Perhatikanlah binatang, diciptakan oleh Allah tidak selengkap manusia. Apapun yang dilakukan baik bergerak maupun tidak dalam keadaan bergerak semua dilakukan karena dorongan nafsu. Binatang tidak memiliki potensi untuk meredam dan mengendalikan nafsu, binatang tidak memiliki kemampuan mengendalikan diri, jika datang nafsu untuk menyerang, maka siapapun dan apapun akan diserang.
Manusia diciptakan begitu sempurna dan penuh keseimbangan, lengkap dengan indra, akal, pikiran, nafsu, kalbu. Dengan keitimewaan dan kesempurnaan inilah kemudian mansia berani menerima amanah dari Allah untuk mengelola bumi dan seluruh isinya. Amanah inilah yang pernah ditolak oleh Bumi, langit dan gunung... begitu manusia menerima kemudian manusia dianggap sebagai Zaluuman Jahuulaa (zalim dan bodoh).

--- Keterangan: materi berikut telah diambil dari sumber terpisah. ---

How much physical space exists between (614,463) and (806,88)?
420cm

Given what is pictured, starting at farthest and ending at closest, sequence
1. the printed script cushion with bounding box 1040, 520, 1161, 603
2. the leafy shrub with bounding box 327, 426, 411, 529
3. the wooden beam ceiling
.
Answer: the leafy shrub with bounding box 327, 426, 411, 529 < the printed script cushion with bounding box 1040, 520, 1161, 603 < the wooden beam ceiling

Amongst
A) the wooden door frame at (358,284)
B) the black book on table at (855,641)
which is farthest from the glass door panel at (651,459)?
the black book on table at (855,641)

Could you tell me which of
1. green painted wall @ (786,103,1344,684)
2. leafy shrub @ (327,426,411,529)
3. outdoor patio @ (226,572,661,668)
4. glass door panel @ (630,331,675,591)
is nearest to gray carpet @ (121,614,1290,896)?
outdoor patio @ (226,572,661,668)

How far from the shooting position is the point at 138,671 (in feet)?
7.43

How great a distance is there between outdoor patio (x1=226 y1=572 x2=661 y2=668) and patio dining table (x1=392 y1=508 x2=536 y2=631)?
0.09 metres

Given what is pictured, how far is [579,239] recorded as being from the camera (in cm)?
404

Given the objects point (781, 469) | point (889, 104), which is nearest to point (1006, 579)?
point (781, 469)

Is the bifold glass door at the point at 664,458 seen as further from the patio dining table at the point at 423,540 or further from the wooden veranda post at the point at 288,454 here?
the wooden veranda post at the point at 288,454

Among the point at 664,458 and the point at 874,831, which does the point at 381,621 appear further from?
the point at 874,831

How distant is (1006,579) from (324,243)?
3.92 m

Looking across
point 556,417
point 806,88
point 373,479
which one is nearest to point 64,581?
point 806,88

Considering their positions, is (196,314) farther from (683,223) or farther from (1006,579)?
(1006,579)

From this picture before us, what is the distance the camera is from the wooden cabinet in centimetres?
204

Karena dengan indra, akal-pikiran, kalbu inilah kemudian, zaluuman Jahuulaa dapat tertutupi, zalim dan bodoh kemudian dapat dihilangkan oleh kemampuan manusia menggunakan akal dan pikiran serta kalbunya dalam mengelola bumi dan isinya[1]. Namun jika manusia tidak menggunakan akal, pikiran dan kalbunya dengan benar, maka label zalim dan bodoh akan kembali melekat dalam dirinya. Dampak dari kezaliman dan kebodohan manusia, akan dapat merusak alam semesta, merusak dirinya, dan juga merusak orang lain dan makhluk lainnya. Sehingga akibat kebodohan dan kezaliman tersebut menjadi tanggunggjawab manusia itu sendiri. Manusia tidak dapat menyalahkan Sang Penciptanya, karena Sang Pencipta telah memberikan potensi untuk melakukan perbuatan-perbuatan terpuji yakni, akal-pikiran dan kalbu. Allah menegaskan : "Sesungguhnya Allah tidak berbuat zalim kepada manusia sedikitpun, akan tetapi manusia itulah yang berbuat zalim kepadadiri mereka sendiri" (Q.S.Yunus: 10: 44). Dalam surat An-Nisa (4) ayat 79 Allah juga mengingatkan melalui firmanNya: "Apa saja nikmat yang kamu peroleh adalah dari Allah, dan apa saja bencana yang menimpamu, maka dari (kesalahan) dirimu sendiri".Â
Akal menjadi salah satu unsur yang sangat penting dalam diri manusia. Dengan akal manusia merekam semua fenomena alam kemudian dijadikan sebagai pengetahuan, mendorong manusia berpikir sesuai dengan pengetahuan. Pikiran yang ada dalam manusia akan dapat menentukan keberadaan dirinya. Seorang filosof bernama Rene Descartes mengatakan "cogito ergo sum"Â (saya berpikir maka saya ada). Keberadaan manusia ditentukan oleh fungsionalisasi akal pikirannya. Syekh Muhammad Mutawalli al-Sya'rawi mengatakan: "pikiran adalah alat ukur yang digunakan manusia untuk memilih sesuatu yang dinilai lebih baik dan lebih menjamin masa depan diri dan keluarganya".Â
Dengan pikiran manusia dapat menentukan baik, tidak baik, buruk, benar, salah, positif, negative. Pikiran menjadi sumber manusia untuk bertindak... tindakan yang muncul adalah wujud dari apa-apa yang dipikirkan. Oleh karena itu isilah pikiran dengan hal-hal yang positif agar wujud tindakan menjadi positif. Jika berpikir bahagia, maka kita akan bahagia, jika pikiran dipenuhi dengan sengsara, maka kita hidup dalam kesengraan. Plato: "Sumber setiap prilaku adalah pikiran. Dengan pikiran kita bisa maju atau mundur. Dengan pikiran kita bisa bahagia atau sengsara". Katakanlah: Apakah sama orang-orang yang mengetahui dengan orang-orang yang tidak mengetahui? Sesungguhnya orang yang berakallah yang dapat menerima pelajaran. (Q.S: Az-Zumar : 9).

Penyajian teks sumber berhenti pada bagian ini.